◆ WHAT THE EXERCISE ASKS ◆
The copy must run from the line containing "Jewellery Kingdom Emerald" through the final line of the records, both included, exactly as written. It should contain no pictures.

◆ EXERCISE INPUT ◆
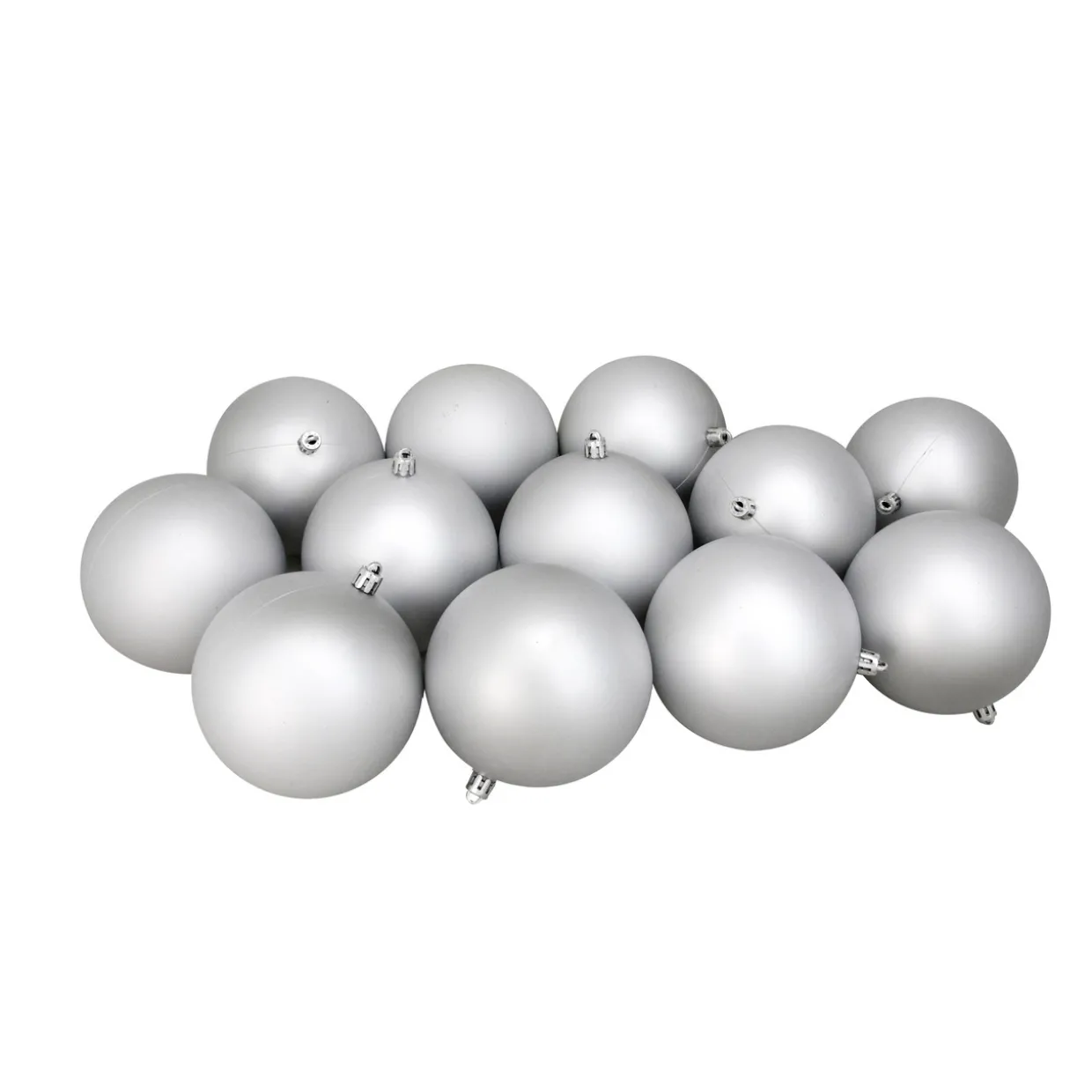 12ct Silver Splendor Shatterproof Matte Christmas Ball Ornaments 4" (100mm)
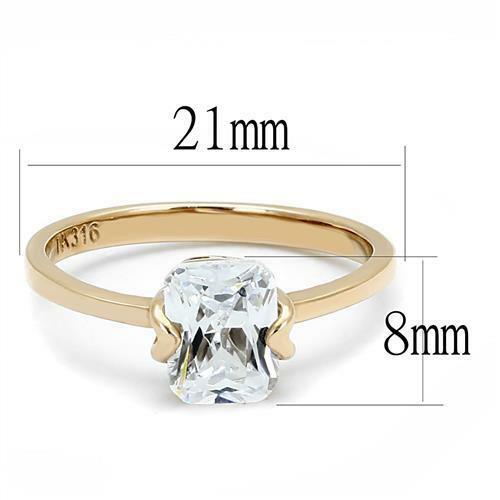 Jewellery Kingdom Emerald Solitaire 2ct Ladies Cubic Zirconia Rose Gold Engagement Ring - Engagement Rings - British D'sire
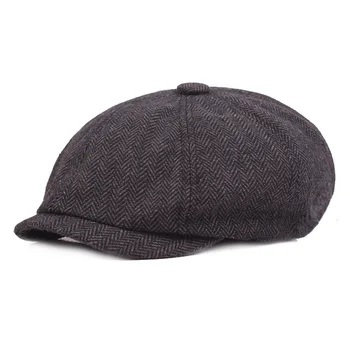 Palarie Barbati Moda Pălărie de Bumbac Pălărie vânzător de ziare Pălărie de Iarnă Pentru Bărbați Gri Spic Capace Plate Iarna vânzător de ziare Capace de Bărbați Și Femei Pălărie
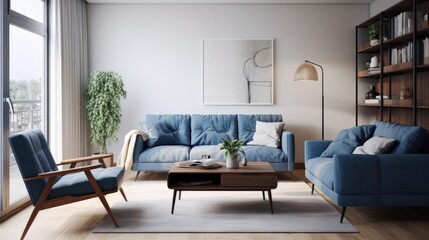 Modern blue interior of the living room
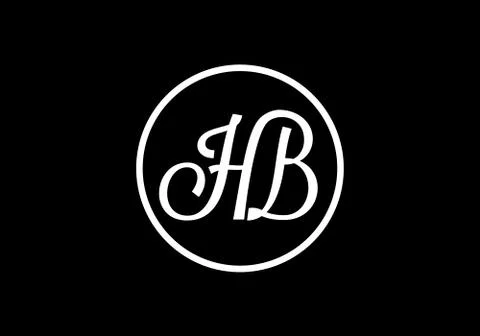 H B Initial Letter Logo design Stock Illustration
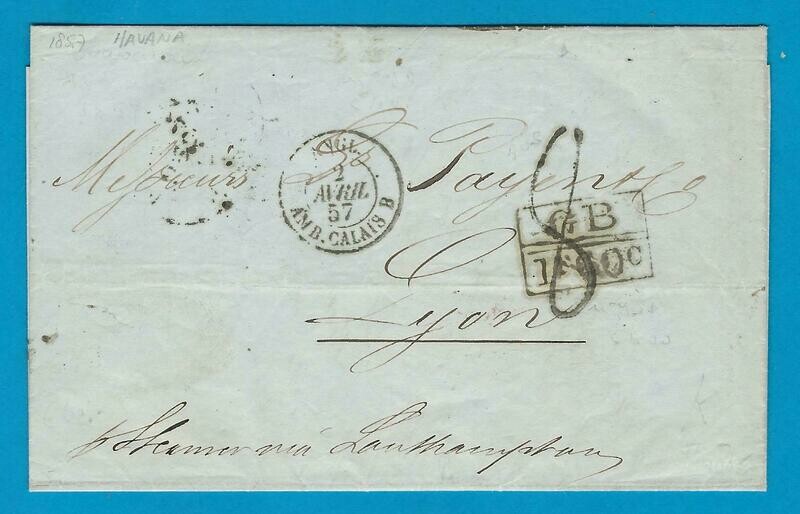 CUBA entire 1857 Habana to France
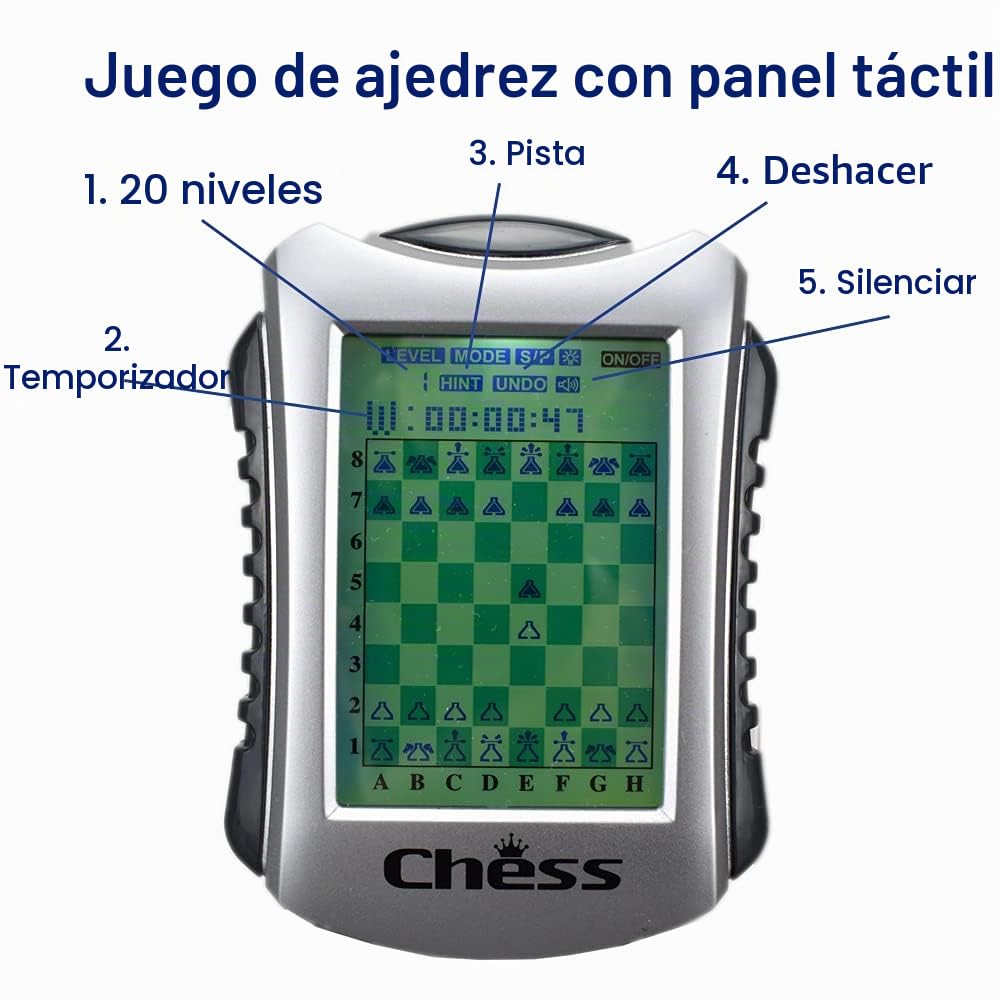 Consola de juegos de ajedrez electrónica portátil para 2 jugadores, a partir de 6 años, estrategia y diversión familiar sobre la marcha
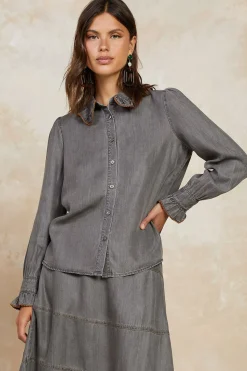 Sale Chambray Button Down Blouse Women Long Sleeve Tops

◆ OUTPUT OF THE EXERCISE ◆
 Jewellery Kingdom Emerald Solitaire 2ct Ladies Cubic Zirconia Rose Gold Engagement Ring - Engagement Rings - British D'sire
 Palarie Barbati Moda Pălărie de Bumbac Pălărie vânzător de ziare Pălărie de Iarnă Pentru Bărbați Gri Spic Capace Plate Iarna vânzător de ziare Capace de Bărbați Și Femei Pălărie
 Modern blue interior of the living room
 H B Initial Letter Logo design Stock Illustration
 CUBA entire 1857 Habana to France
 Consola de juegos de ajedrez electrónica portátil para 2 jugadores, a partir de 6 años, estrategia y diversión familiar sobre la marcha
 Sale Chambray Button Down Blouse Women Long Sleeve Tops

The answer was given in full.